Why do summer holidays cause market plunges?It’s a trend that’s been noted through the years and has been called the “September effect” that inevitably sees stock markets take a plunge in the Autumn. Stocks drop and bonds rise as panic spreads throughout the financial world as if from nowhere.

According to a Wall Street Journal analysis, September is the only month that shows average declines over the 20, 50 and 100 years.

But what is the cause of this?

A professor at the Massachusetts Institute of Technology (MIT) has taken it upon herself to crunch the numbers and cast her investigative eye over this problem. Professor Lily Fang doesn't hold back the punches either, and blames summer holidays as the reason why autumn frequently spells disaster for shares.

We can’t say we’re surprised either, as I’m sure we all know the effect an upcoming summer holiday can have, and the feeling you get when you return to the office.

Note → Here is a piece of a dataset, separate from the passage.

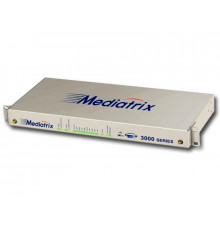 Mediatrix 3408
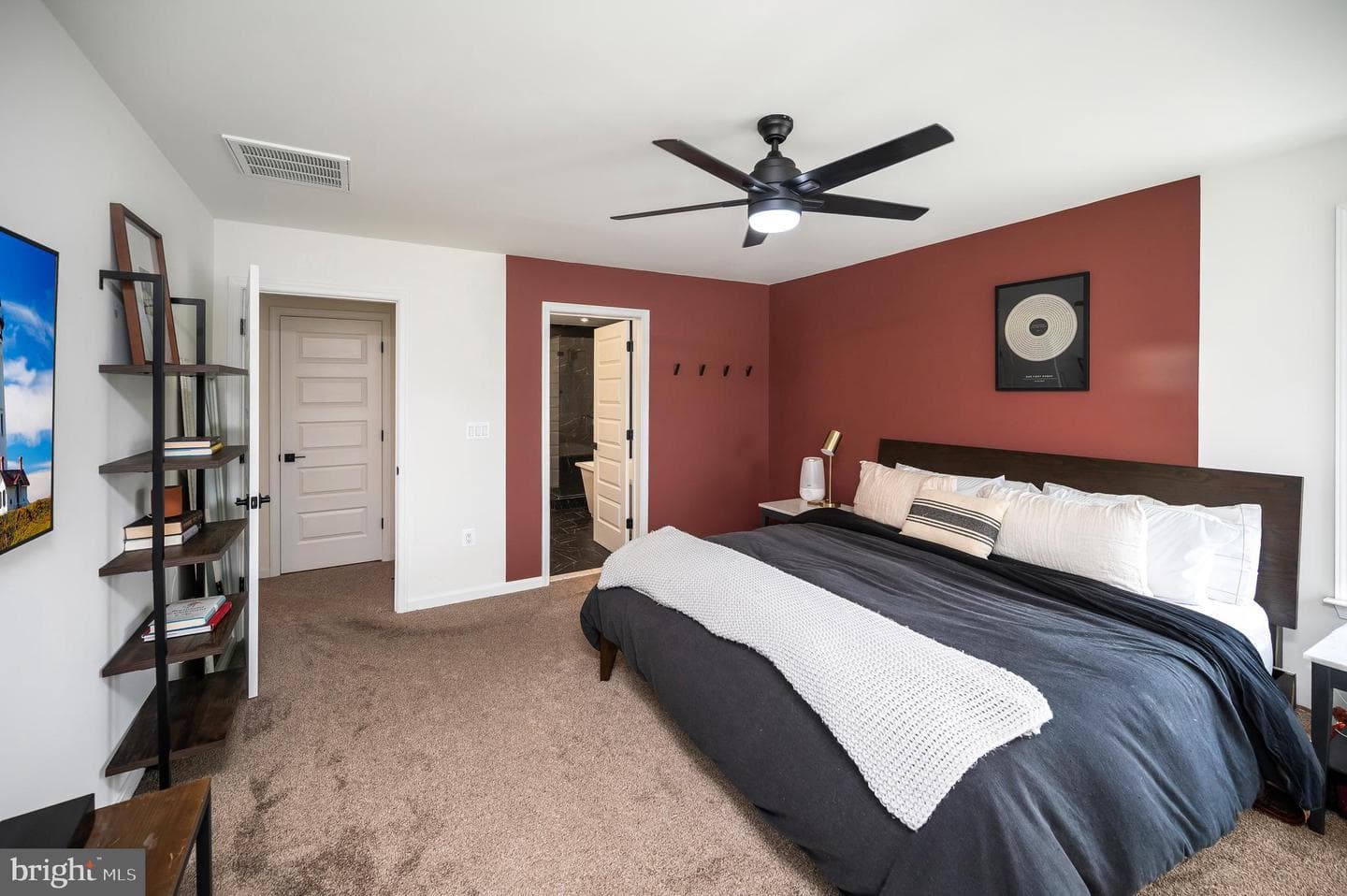 7140 State Way photo 26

It’s a reward for all the long hours we’ve worked and deservedly so, especially when you take into account the amount of time those in the financial industry put in.

Everyone knows that in the run up to your holiday, you’re likely to do less work as the anticipation gets you so excited you are barely able to contain yourself. Then, whilst you’re on holiday, you tend to try and forget about work and relax, leaving those emails to be read “later”.

The nitty gritty details

That’s all well and good, but technically it doesn’t explain much. However, if you think about it, trading volumes in August are usually some of the lowest of the year. Therefore, the negative news mounts up until traders return from holiday, en masse.

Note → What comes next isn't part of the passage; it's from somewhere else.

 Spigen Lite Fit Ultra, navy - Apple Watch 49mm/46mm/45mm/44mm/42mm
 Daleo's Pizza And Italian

“The lower returns are exacerbated in September because during the long-duration school holiday that precedes it—summer—professional investors are collectively less focused on news and as a result, information is incorporated into stock prices more slowly,” said Prof. Lily Fang.

“This means that news released during the holidays gets incorporated into prices more slowly than other times. And after holidays, we see that delayed reaction. It is on average negative because bad news travels slowly. It is more difficult, and requires even more attention, to take advantage of bad news than good news,” she added.

Traders aren't superhuman

It highlights that markets are a product of human psychology and are therefore prone to the limitations of people, such as limited attention spans and the need for relaxing holidays.

“The main lesson here is that attention is a limited resource,” said Prof. Fang.

“We make the unrealistic assumption that since traders are professional investors, they are super machines with infinite attention spans. But the fact is: human beings are human beings,” she explained.